■ Records provided:
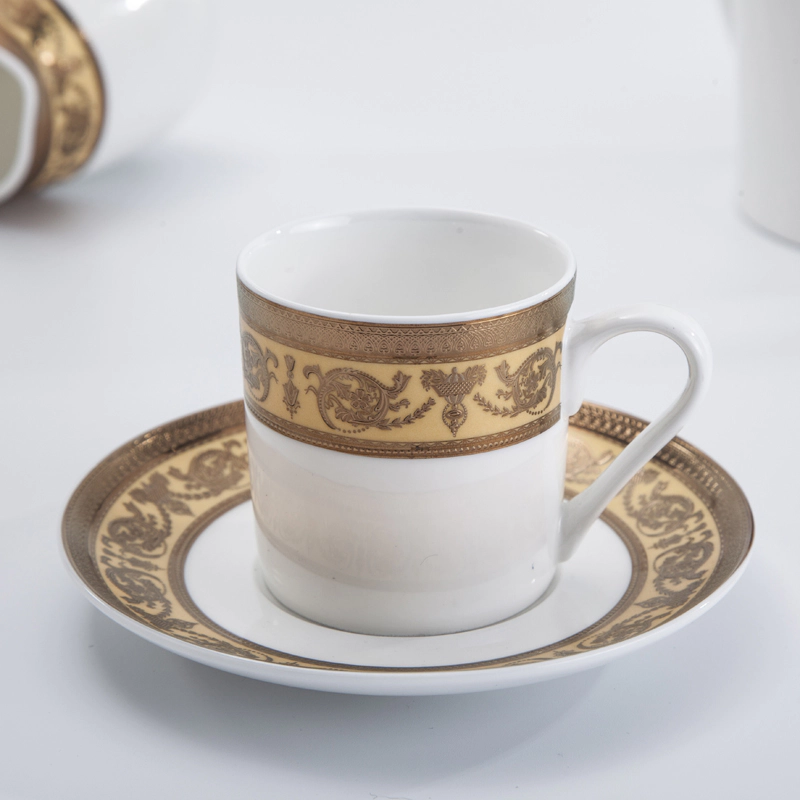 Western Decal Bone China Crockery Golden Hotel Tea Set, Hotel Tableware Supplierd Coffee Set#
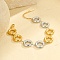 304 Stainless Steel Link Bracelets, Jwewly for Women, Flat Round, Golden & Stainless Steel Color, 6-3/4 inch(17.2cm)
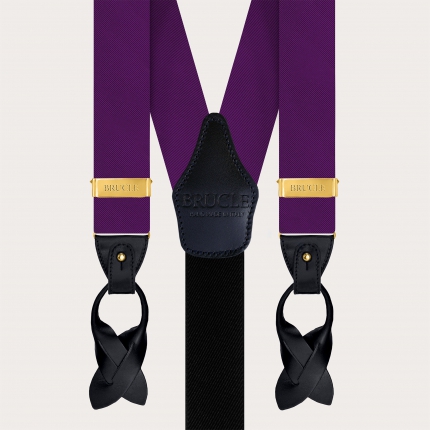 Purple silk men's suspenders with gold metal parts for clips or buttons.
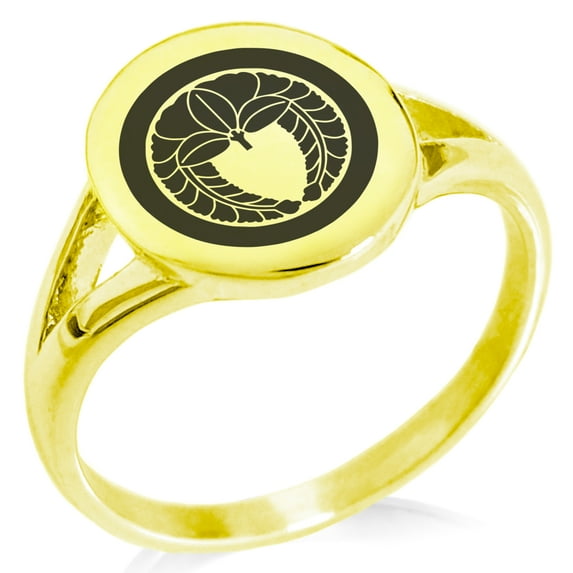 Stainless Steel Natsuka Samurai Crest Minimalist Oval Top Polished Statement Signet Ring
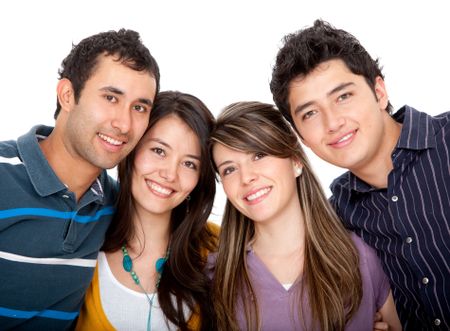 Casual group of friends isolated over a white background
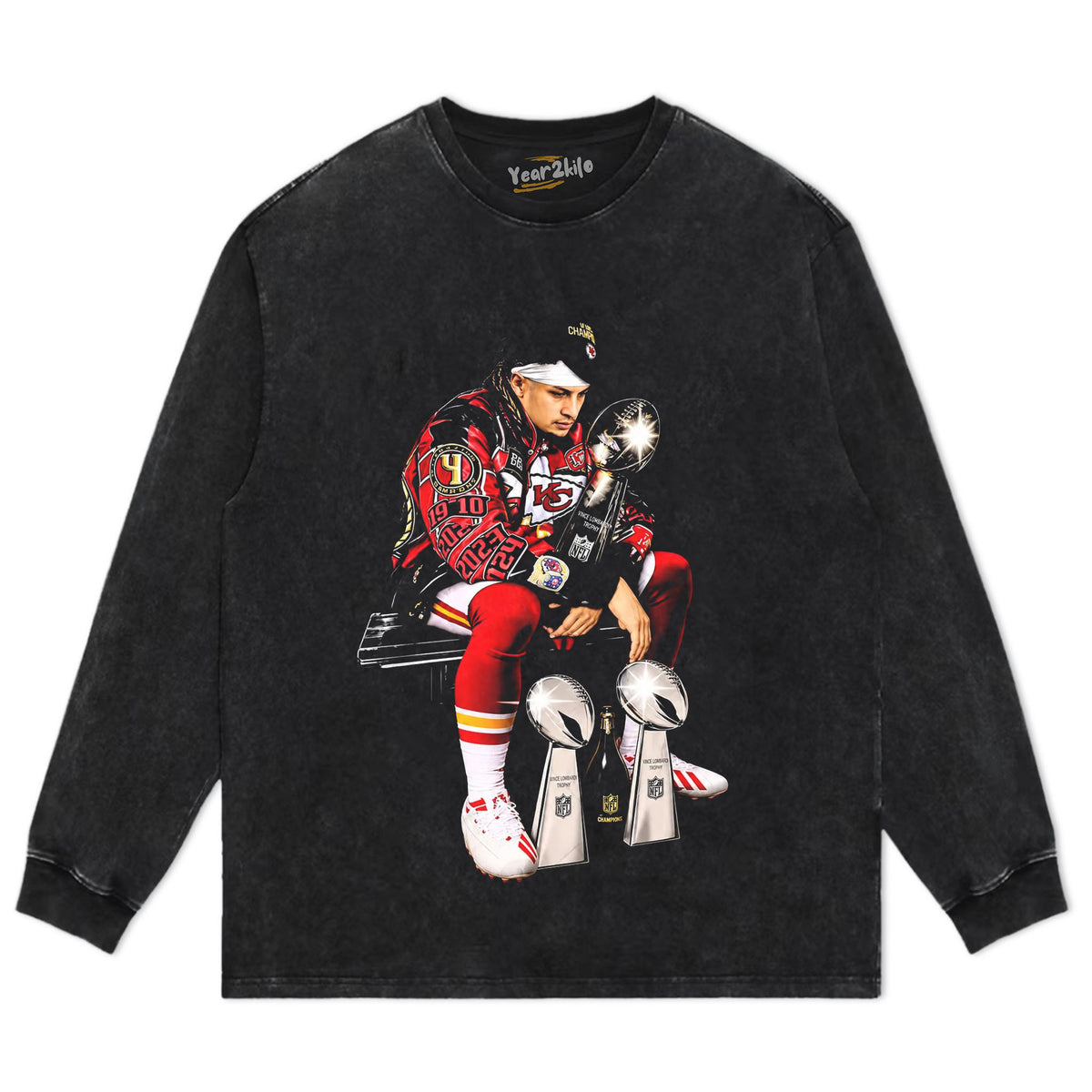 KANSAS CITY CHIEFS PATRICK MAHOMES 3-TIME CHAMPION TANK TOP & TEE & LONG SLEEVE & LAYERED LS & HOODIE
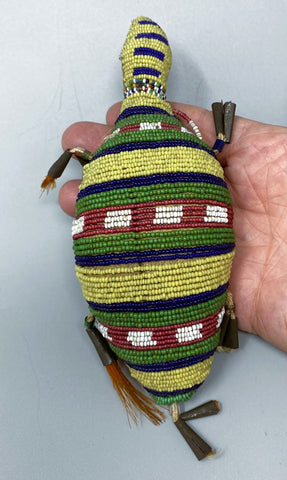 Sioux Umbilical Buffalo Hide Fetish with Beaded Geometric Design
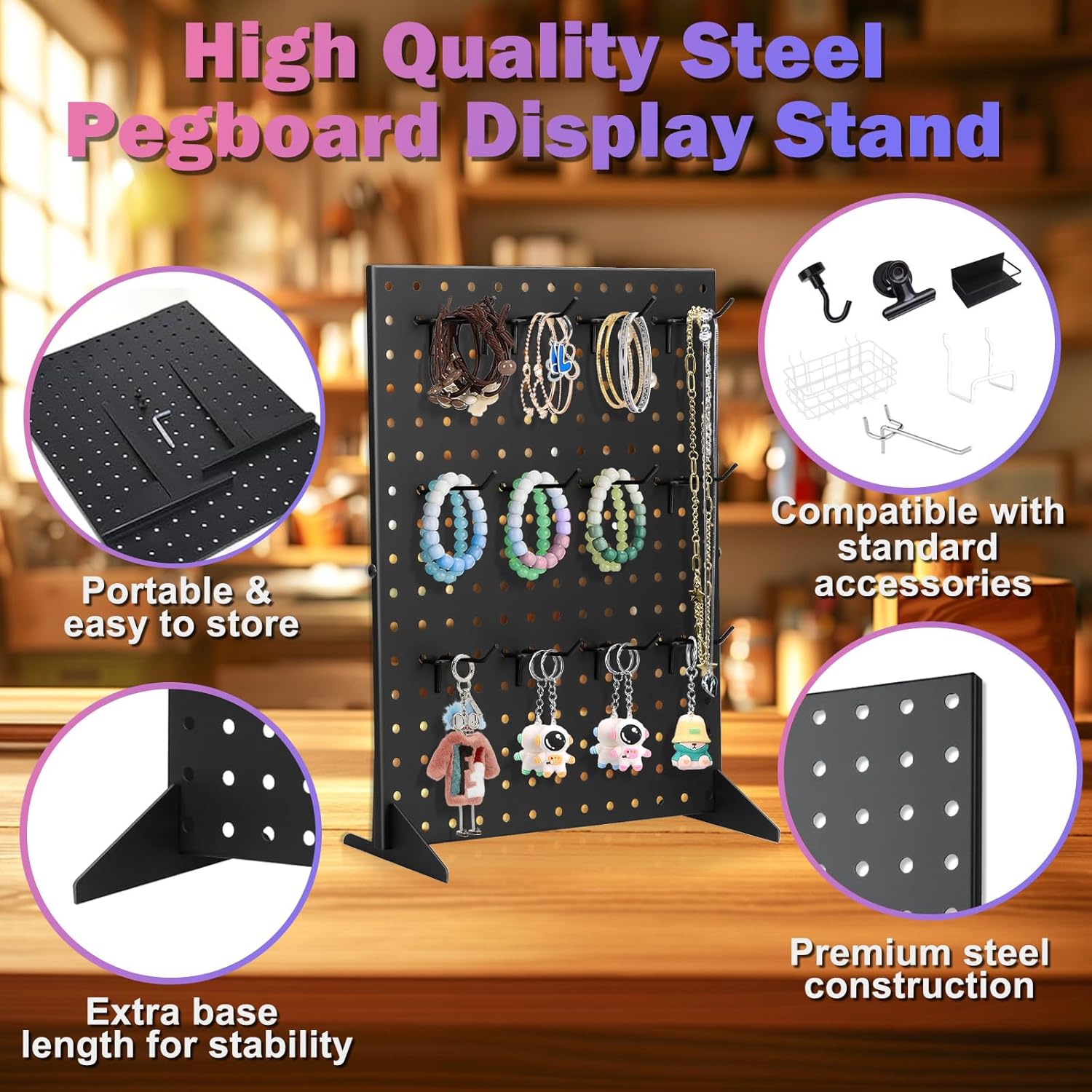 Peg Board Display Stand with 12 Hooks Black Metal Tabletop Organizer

■ Work order: Print the data above in full and exactly as it appears, skipping the pictures.

■ Answer:
 Western Decal Bone China Crockery Golden Hotel Tea Set, Hotel Tableware Supplierd Coffee Set#
 304 Stainless Steel Link Bracelets, Jwewly for Women, Flat Round, Golden & Stainless Steel Color, 6-3/4 inch(17.2cm)
 Purple silk men's suspenders with gold metal parts for clips or buttons.
 Stainless Steel Natsuka Samurai Crest Minimalist Oval Top Polished Statement Signet Ring
 Casual group of friends isolated over a white background
 KANSAS CITY CHIEFS PATRICK MAHOMES 3-TIME CHAMPION TANK TOP & TEE & LONG SLEEVE & LAYERED LS & HOODIE
 Sioux Umbilical Buffalo Hide Fetish with Beaded Geometric Design
 Peg Board Display Stand with 12 Hooks Black Metal Tabletop Organizer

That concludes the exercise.